Saturday, December 17, 2016

Twisted Colossus


Today, I would like to build a sentence of breath and sand. I will begin with a principle and end with an oath. If the age demanded a spoon I would give it a rag. But it's full of static and right wing radio stations. The color pink spouts mud from her veins. It’s how the severity of the color black is able to assume an aesthetic that speaks more clearly to our crusade for the towering subtleties of the highway. The sky leans over the horizon and brings out the textures of a more empirical reality than the one we were promised. There are balms for our blisters, theologies for our lotus. The cemetery confirms our anarchy. We draw analogies from the elasticity of pronouns. From one moment to another we do not know if the chisel is a more appropriate tool than the savagery of expectation.
When the jokes turned sour I decided to leave the group and build another sentence. This time I would use sprockets and paint. It was with great anxiety that I approached the canvas of life and began the lactation of coral turnstiles. I pulled some opium from an avenue of dead weather and offered it to the ghosts of hypothesis. They were most helpful. Together we were able to lift the sentence into the air and give it a push. It sailed into meaning where it spread its sails and creaked aloud when the conjunctions scraped against one another in that great mysterious ocean of space and time. 
The buckets are carried by Buddhists. The glue is heavy. Fortunately, most of the gas stations are open. My invocations rush aggressively into the night. The stars pour eternity on the world. The world continues to turn. Turning is eternal. It makes sense.
A patch of cloud walks past the moon. A shiver of bells enlivens a Christmas display. We hear an explosion, then, minutes later, sirens. Shards of glass reflect a ceiling of frescoed cherubs and wildflowers. A stethoscope is pressed against a warm chest.

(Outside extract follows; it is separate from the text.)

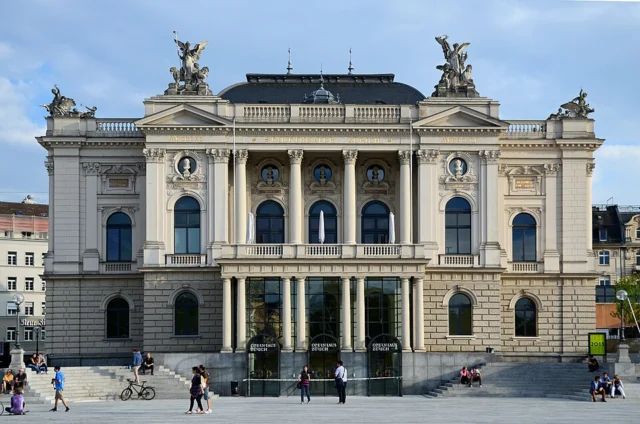 Opernhaus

Isn’t that what we’ve wanted all along, to perceive the reasons for things and events, to move them without the risk of the real and effortlessly understand them?  
Negation, deferred inasmuch as it is born from the abyss, causes the subject to bounce.
Christmas is an entirely different situation, requiring presents and generosity, a sense of community, a little hypocrisy, fakery, diplomacy, netsuke and spices from the netherworld.
Who wouldn’t want to travel in a rocket ship to Mars?
Palm Springs, maybe.
We can land by the side of a pool. The ghost of Bob Hope will greet us at the gate. He will bring us the balm of humor, which resides in the heart, alongside regret, which is cousin to the counselors of pain.
Maybe Bob Hope is a bad example. Maybe pain is a bad example.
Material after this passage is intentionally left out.